DevOps & Product Teams - Win or Fail?
Falling in Love with DevOps
To be honest, DevOps for me wasn’t love at first sight. My first encounter with it was in 2012 in an infrastructure team. Engineers in these teams work on building services such as authentication and image metadata storage which are used by product teams. We decided to stop outsourcing the operation of our services and start going on call ourselves. It seemed like overkill: Prezi.com was a hip new startup; we weren’t struggling with the age-old enterprise problems of silos slowing down communication between developers and operation folks. With a newborn baby daughter, my biggest problem was trying to get enough sleep at night and the newly created on-call rotation was unlikely to help with that. What we hoped it would improve was availability.
Availability is a tricky thing to measure. In the fall of 2012, Prezi gave up on outsourced operations in an effort to stall our growing Mean Time To Recovery (MTTR) as our user base exploded. MTTR is the average time it takes to repair an outage, for us around 40 minutes at the time. This may not seem like a big deal, but for someone presenting their thesis, startup pitch or lecture, not being able to present could result in a catastrophe. The other widely used availability metric is Mean Time Between Failure (MTBF), which is the average amount of time the system can operate between outages. For us this was around four days.These very similar four-letter acronyms lead to very different engineering cultures. MTBF is maximised when few people make changes to the system in a highly controlled manner, carefully following well-proven processes. Ideal for companies working on pacemakers or brake systems in cargo trains.
MTTR on the other hand creates the perfect incentive for DevOps: the fastest way to find the cause of an outage and fix it is to bring together the engineers who wrote the component with those who operate it. Going one step further, Prezi put the software engineers writing the code on call. Why? In most cases, backend outages were caused by bugs or performance issues introduced during recent changes to services. Who would be better qualified to fix them than the people who introduced those changes in the first place?

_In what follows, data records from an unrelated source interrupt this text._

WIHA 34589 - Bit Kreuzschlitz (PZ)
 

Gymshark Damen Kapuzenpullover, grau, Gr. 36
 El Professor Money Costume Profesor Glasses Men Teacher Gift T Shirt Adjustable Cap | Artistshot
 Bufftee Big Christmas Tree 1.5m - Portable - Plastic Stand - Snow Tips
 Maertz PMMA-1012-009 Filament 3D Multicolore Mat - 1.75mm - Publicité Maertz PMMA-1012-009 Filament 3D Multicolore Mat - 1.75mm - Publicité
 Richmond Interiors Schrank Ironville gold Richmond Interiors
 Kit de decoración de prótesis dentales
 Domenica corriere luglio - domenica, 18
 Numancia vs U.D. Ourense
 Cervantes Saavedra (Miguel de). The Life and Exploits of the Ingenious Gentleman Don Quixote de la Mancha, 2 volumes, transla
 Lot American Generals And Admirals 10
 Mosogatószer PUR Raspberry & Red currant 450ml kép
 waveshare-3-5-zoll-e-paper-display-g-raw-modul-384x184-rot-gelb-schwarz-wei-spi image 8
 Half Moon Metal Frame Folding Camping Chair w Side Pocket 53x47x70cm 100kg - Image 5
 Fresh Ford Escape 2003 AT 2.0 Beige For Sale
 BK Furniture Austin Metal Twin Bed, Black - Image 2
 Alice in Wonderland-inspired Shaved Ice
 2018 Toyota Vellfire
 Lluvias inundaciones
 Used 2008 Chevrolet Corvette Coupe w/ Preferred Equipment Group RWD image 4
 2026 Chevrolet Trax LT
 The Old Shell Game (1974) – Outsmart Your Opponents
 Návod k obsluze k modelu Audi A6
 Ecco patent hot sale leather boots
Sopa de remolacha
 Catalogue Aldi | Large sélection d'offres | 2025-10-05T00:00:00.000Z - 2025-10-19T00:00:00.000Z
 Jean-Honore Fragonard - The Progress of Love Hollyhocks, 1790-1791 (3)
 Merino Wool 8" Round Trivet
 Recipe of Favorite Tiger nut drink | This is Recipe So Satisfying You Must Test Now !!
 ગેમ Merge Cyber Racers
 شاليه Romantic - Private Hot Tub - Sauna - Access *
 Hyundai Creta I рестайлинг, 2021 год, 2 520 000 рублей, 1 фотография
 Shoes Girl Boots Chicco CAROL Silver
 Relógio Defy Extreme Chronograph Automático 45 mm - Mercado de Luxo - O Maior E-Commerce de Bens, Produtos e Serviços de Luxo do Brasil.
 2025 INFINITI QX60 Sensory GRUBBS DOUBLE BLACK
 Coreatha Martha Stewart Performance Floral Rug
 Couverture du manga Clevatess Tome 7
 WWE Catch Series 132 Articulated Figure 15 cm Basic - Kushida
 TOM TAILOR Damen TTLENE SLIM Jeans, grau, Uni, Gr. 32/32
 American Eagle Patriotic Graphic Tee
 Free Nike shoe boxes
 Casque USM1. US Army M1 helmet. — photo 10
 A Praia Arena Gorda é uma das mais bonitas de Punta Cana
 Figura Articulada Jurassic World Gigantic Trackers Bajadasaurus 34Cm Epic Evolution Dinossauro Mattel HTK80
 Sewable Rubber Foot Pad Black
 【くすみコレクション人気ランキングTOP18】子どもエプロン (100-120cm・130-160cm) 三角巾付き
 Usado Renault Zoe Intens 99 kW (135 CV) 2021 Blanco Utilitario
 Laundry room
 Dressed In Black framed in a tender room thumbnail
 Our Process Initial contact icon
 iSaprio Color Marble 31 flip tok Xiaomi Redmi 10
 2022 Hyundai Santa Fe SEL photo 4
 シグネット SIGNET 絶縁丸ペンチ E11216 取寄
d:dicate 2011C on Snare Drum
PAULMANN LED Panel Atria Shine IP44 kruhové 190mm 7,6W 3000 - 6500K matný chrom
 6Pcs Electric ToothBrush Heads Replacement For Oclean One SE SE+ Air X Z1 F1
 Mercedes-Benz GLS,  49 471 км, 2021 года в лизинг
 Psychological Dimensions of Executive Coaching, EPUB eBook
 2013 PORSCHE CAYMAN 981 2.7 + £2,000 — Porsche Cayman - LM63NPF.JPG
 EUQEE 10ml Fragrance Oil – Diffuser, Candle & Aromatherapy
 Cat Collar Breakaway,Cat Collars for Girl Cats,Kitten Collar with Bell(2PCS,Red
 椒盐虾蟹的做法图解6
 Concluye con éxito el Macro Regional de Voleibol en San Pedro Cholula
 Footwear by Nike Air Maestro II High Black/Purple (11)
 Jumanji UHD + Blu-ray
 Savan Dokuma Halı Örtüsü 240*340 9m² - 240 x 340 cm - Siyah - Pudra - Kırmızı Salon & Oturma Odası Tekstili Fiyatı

DevOps delivered on our expectations. One year later, our user count doubled from 16 to 32 million, while MTTR and MTBF improved to around thirty minutes and one week, respectively. There were additional benefits: less specialisation in the team meant more tasks could be performed by any engineer, leading to fewer bottlenecks and faster development. Software engineers learned about the intricacies of debugging in production with strace. Sysadmins started writing webservices in Python. It was a love story of epic proportions. How did it end? I’m happy to say that infrastructure teams at Prezi are still well served by the DevOps way today. The DevOps nirvana ended for me personally when I joined a product team - a situation where very different rules and incentives are at play as I soon found out.
What makes product teams special?
You ain't special, so who you foolin'? Don't try to give me a line
Guns ‘n’ Roses: Bad Obsession
Infrastructure teams build services for product teams. Product teams build user-facing code on top of these services. Some product teams are responsible for the Prezi presentation editor and viewer, while others work on the prezi.com website. Most teams at Prezi contain 3 - 8 people. Unlike product teams, teams working on infrastructure contain engineers only. The most refreshing thing for me about adopting DevOps in such a team was the small set of axiomatic statements which guided our decisions:
- Everything we do is going to improve our primary metric (MTTR) at some point in the future.
- Specialisation is occasionally unavoidable, but always frowned upon. Anyone in the team should be able to write the code and operate the resulting service.
- Every service has a clear owner. It’s the owner’s responsibility to guarantee availability. Teams should not modify services belonging to other teams.
- Write lots of tests to ensure bugs are caught before they are deployed.
Even if these directives aren’t followed by all teams which claim to practice DevOps, they’re fairly popular ideas in the DevOps community. Much to my surprise, none of these - to me, sacred - laws held true in their original form once I joined the product team.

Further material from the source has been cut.